Pynchon & Joyce: What's similar and what's not/: Cowart's "Attenuated Postmodernism"

Robin Landseadel robinlandseadel at comcast.net
Wed Feb 25 09:36:16 CST 2009


On Feb 25, 2009, at 7:17 AM, Kai Frederik Lorentzen wrote:

>> With M&D and AtD this (and not only this) changed once more. So,  
>> are AtD and M&D
>> the "post-postmodern extravaganza" Cowart was dreaming of? And how  
>> would these books fit
>> into the Pynchon/Joyce-comparison?

I'm still reading "Wake', still confused and amused.

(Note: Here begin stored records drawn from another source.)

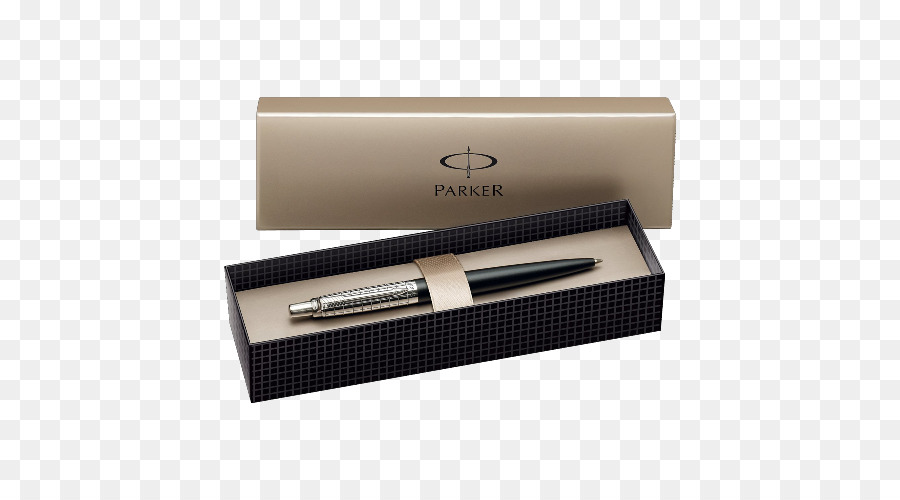 Parker Stylo，Parker Urban Premium Stylo PNG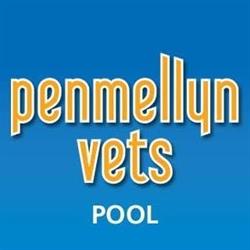 Penmellyn Veterinary Group, St Columb opening hours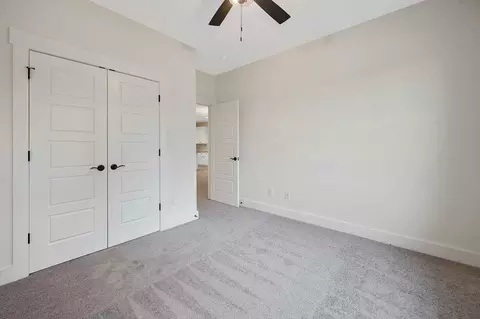 1206 S Second St, Smithfield, NC 27577 photo 12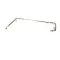 Pitco B6670001 FILTER,RTN PIPE WELDMENT 18WKS-UFM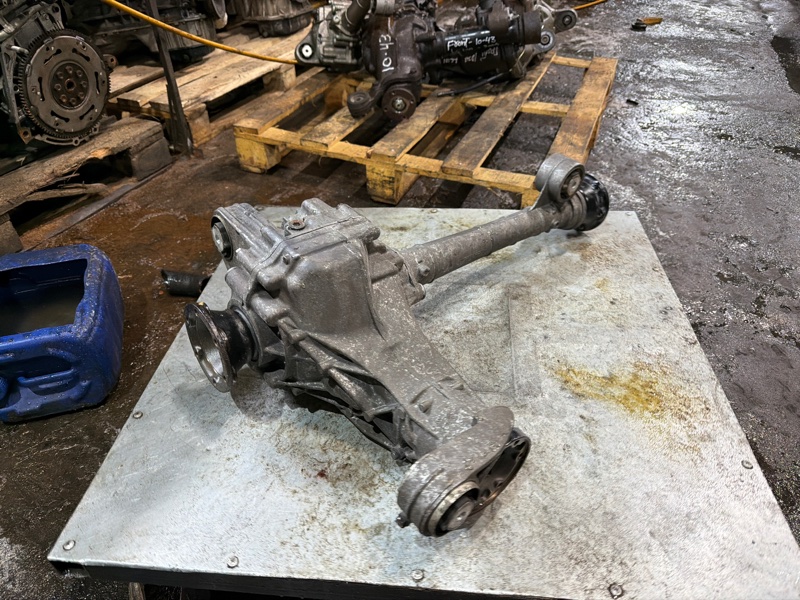 Редуктор, 39000 рублей, Москва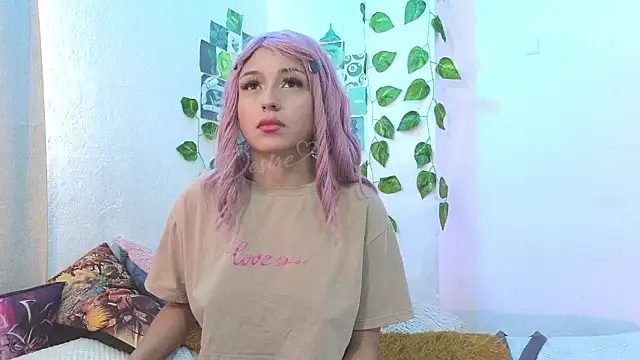 DayandDesire webcam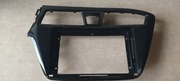 RAMKA MONTAŻOWA HYUNDAI I20 2015-2017 POD RADIO 9 CALI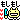�f�R���G�����b��������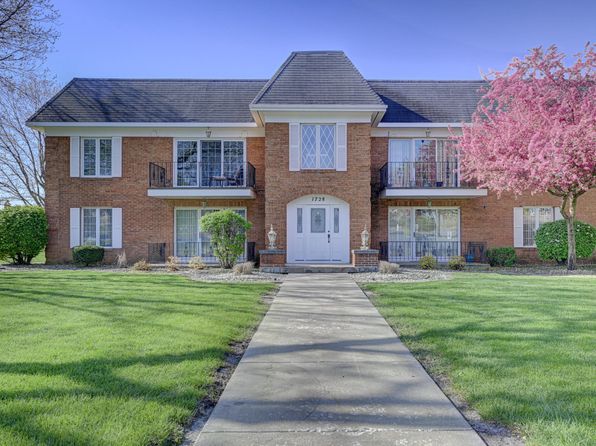 Munster IN Condos & Apartments For Sale - 12 Listings | Zillow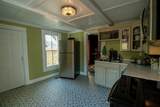 215 Bristol Avenue - Photo 10
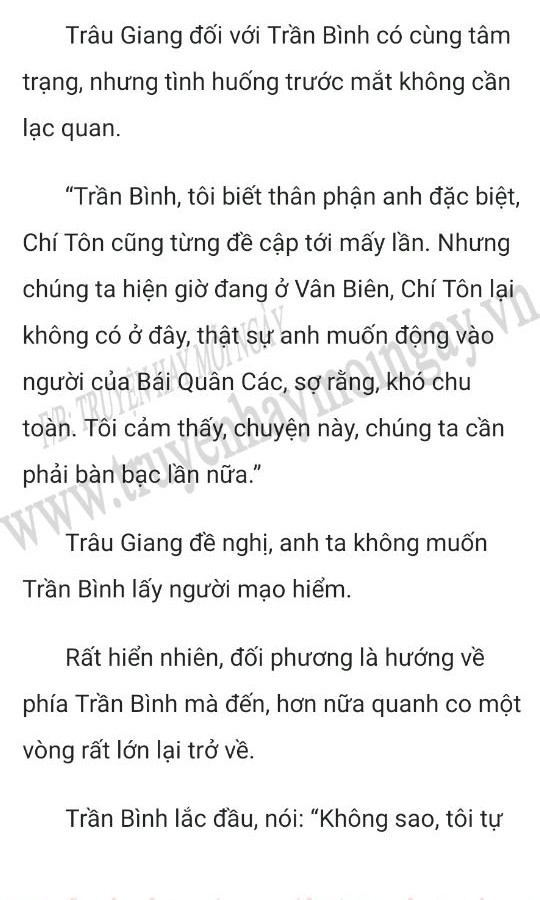 nguoi-thua-ke-hao-mon-722-3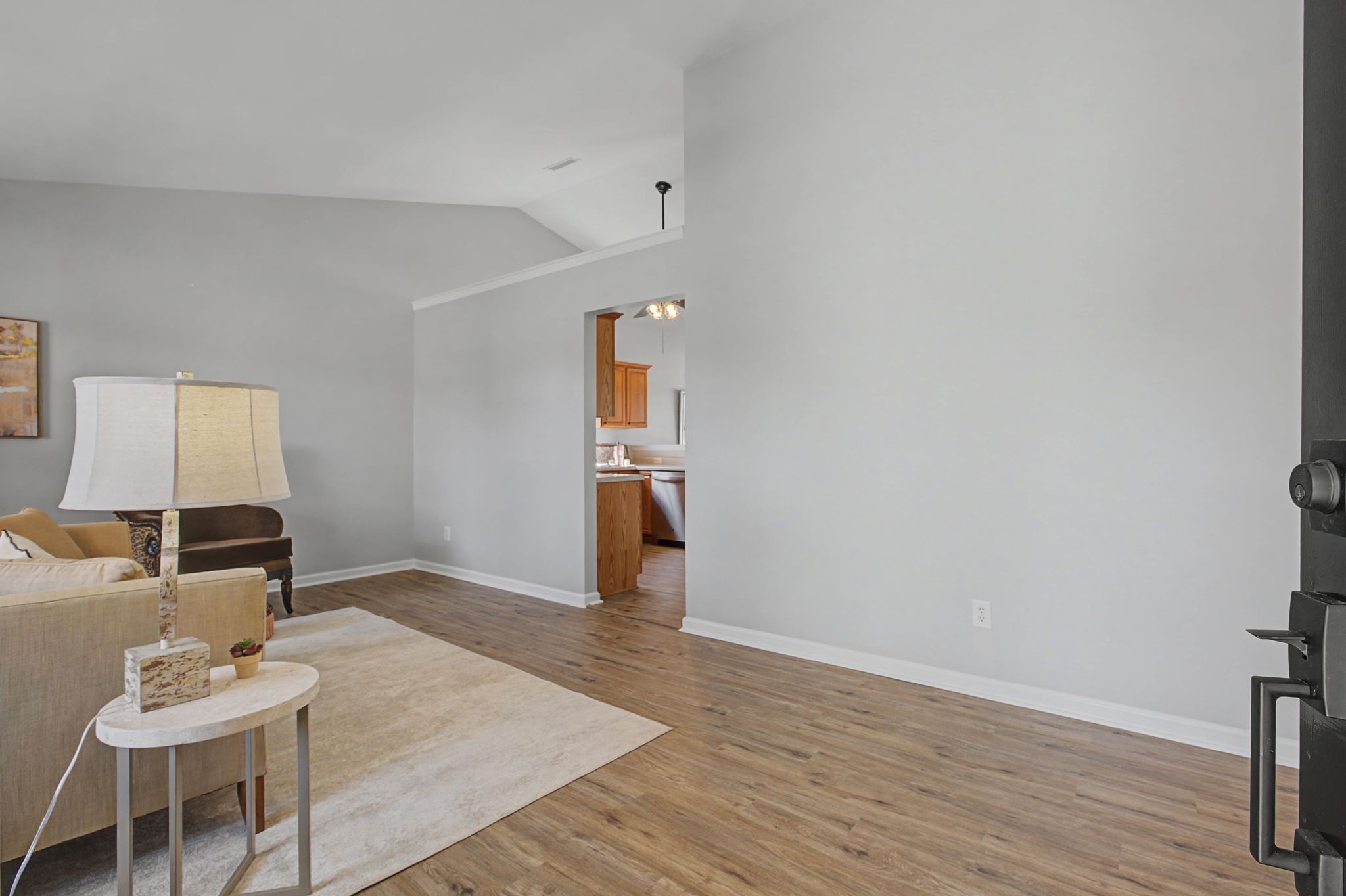 135 Sumner Meadows Ln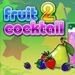 Игровой автомат Fruit Cocktail 2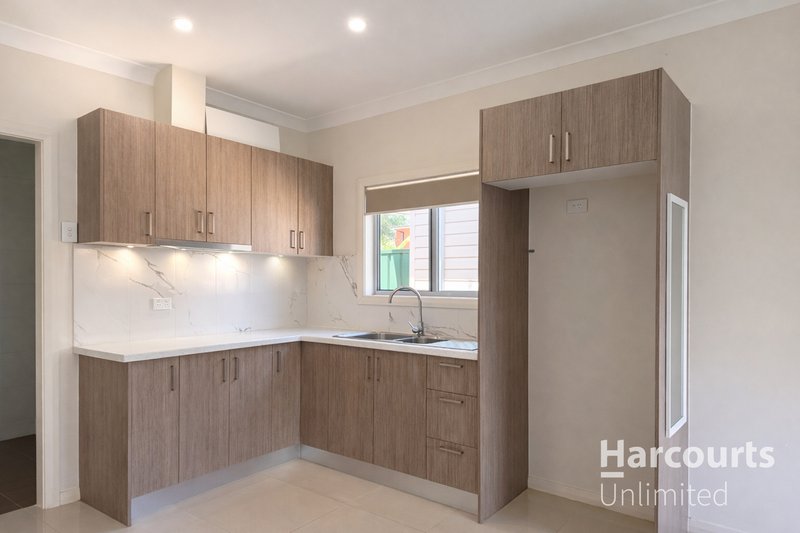 Photo - 2a Kareela Street, Doonside NSW 2767 - Image 3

Sensing that  
Against the Day was THE BIG ONE [word count, contents, scope and  
geographical territory under discussion] I saw relation to FINNEGANS  
WAKE in particular the treatment of world religions—a leitmotive I  
always pick up while reading WAKE. On the other hand, with Vineland  
Pynchon seemed to stop being concerned with fulfilling anybody's  
expectations. GR certainly fits the "Great American Novel" mode,  
everything that follows seems to be on its own crooked path.

Wake's a word salad the size of Mount Everest, Against the Day's an  
encyclopedic compendium of genre fictions.